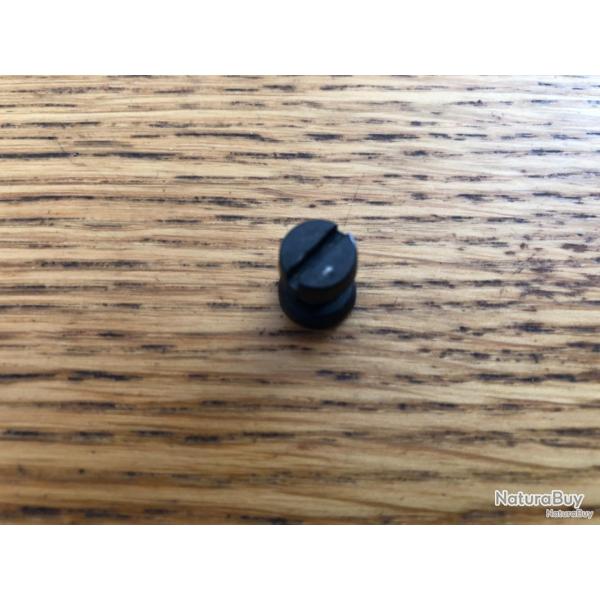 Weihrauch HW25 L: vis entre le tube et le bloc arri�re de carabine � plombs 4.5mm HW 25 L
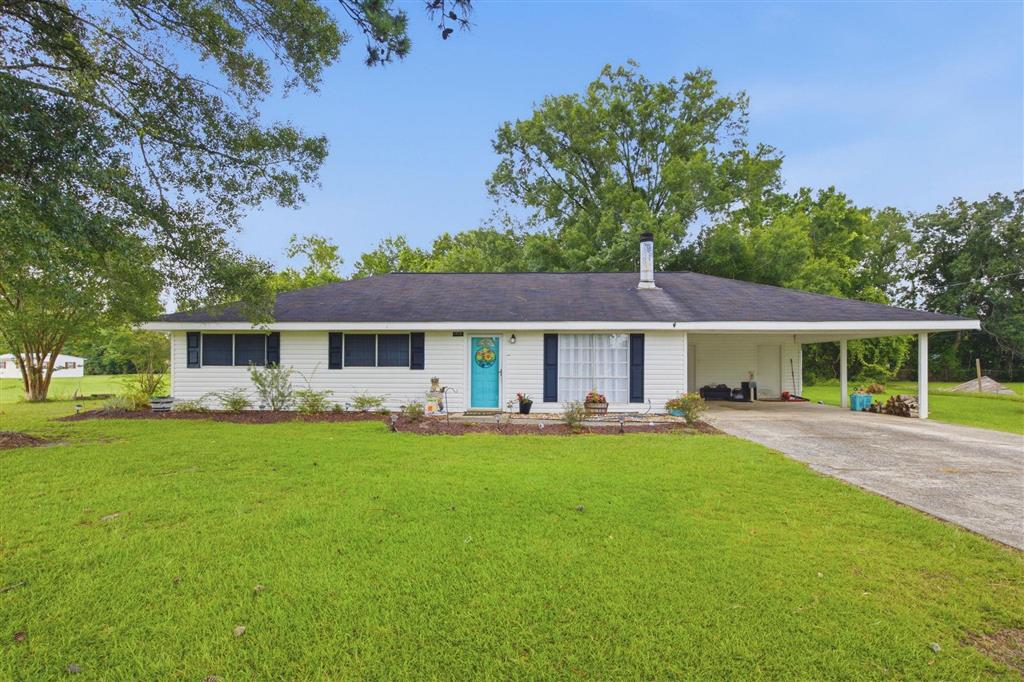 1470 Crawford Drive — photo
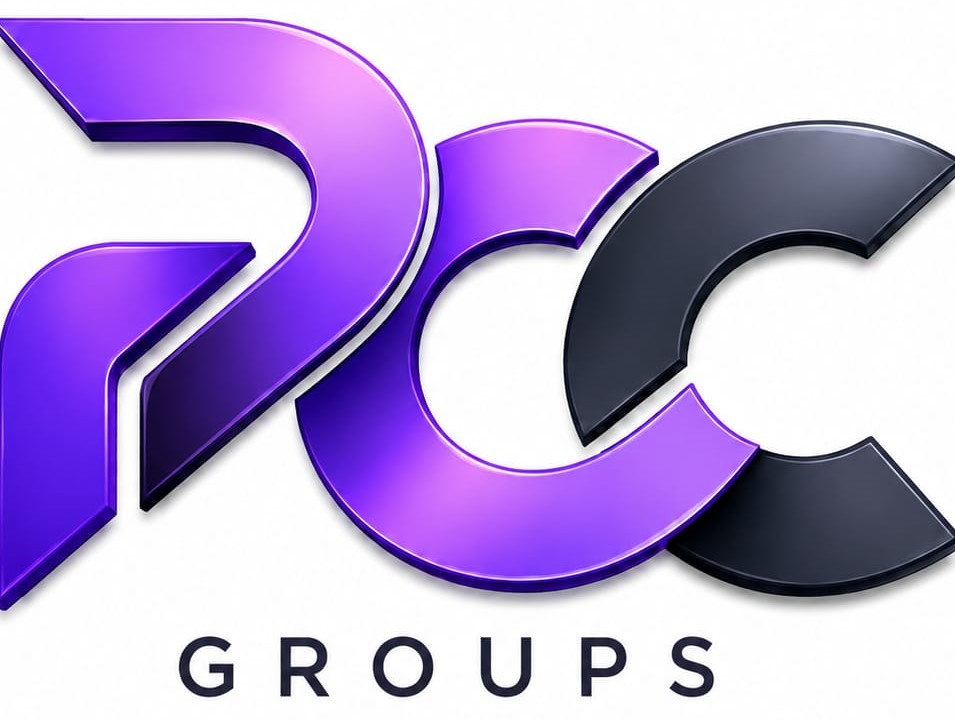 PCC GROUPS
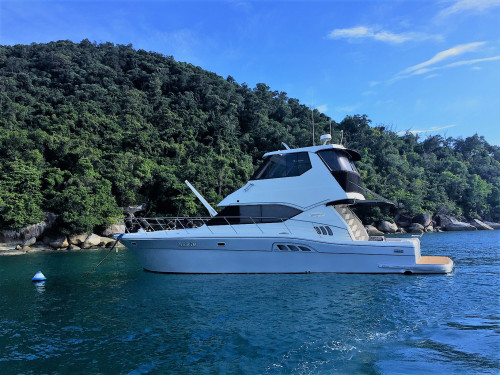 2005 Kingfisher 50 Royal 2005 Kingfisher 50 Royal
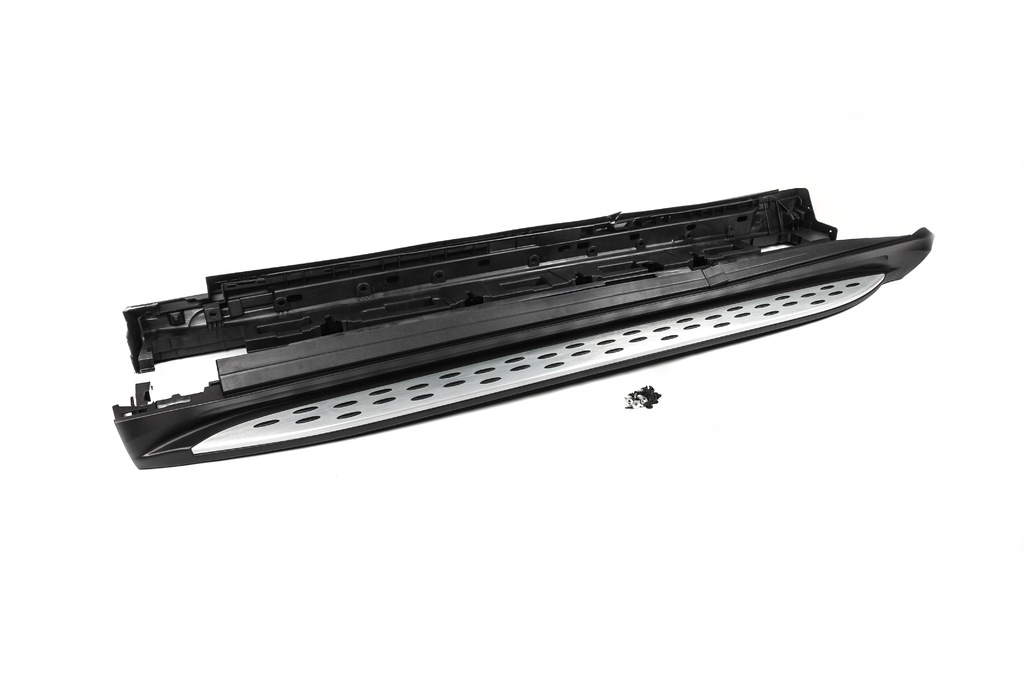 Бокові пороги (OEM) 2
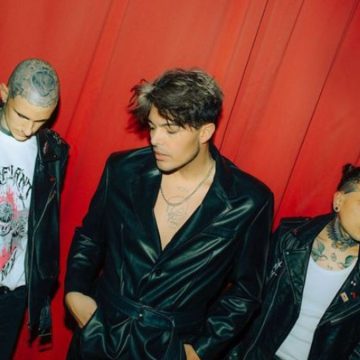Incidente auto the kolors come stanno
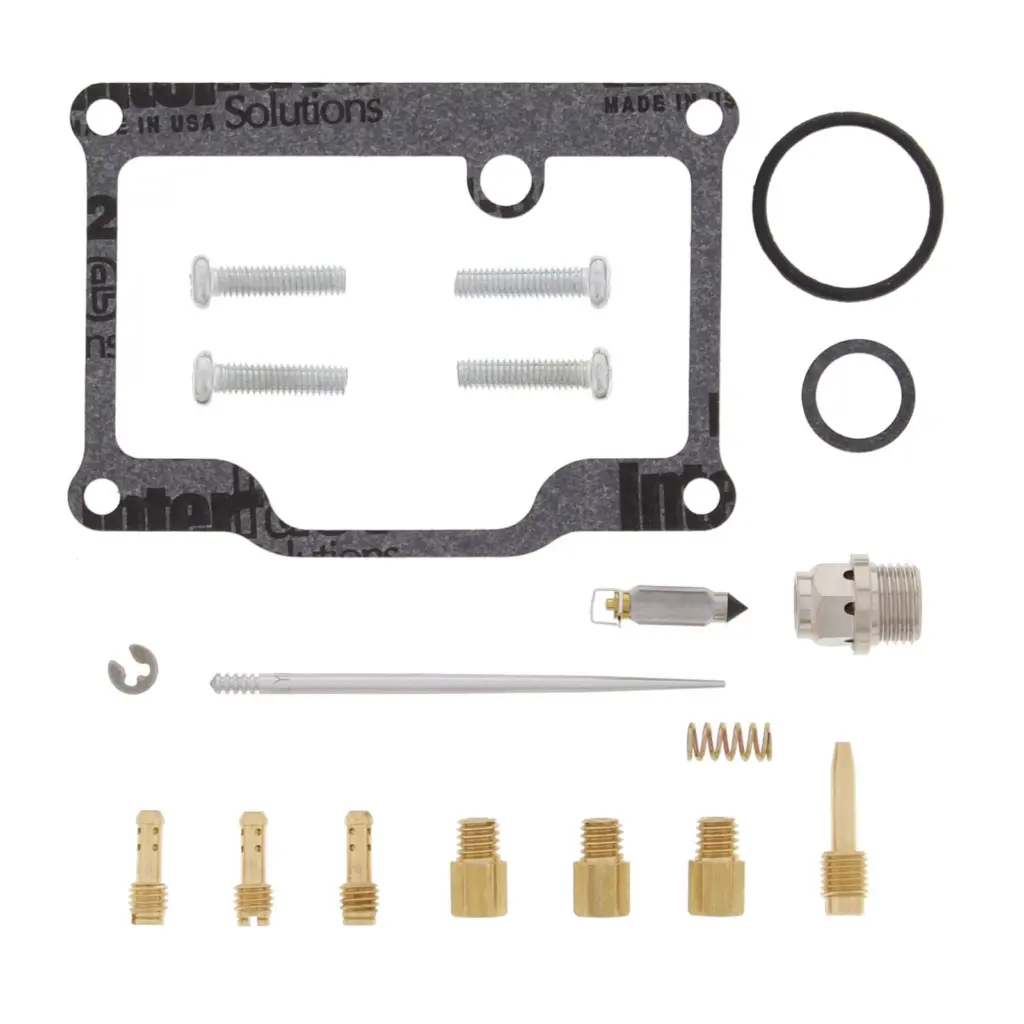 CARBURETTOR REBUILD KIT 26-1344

===============

The output should be the material above, copied exactly, without its pictures.

 Weihrauch HW25 L: vis entre le tube et le bloc arri�re de carabine � plombs 4.5mm HW 25 L
 1470 Crawford Drive — photo
 PCC GROUPS
 2005 Kingfisher 50 Royal 2005 Kingfisher 50 Royal
 Бокові пороги (OEM) 2
Incidente auto the kolors come stanno
 CARBURETTOR REBUILD KIT 26-1344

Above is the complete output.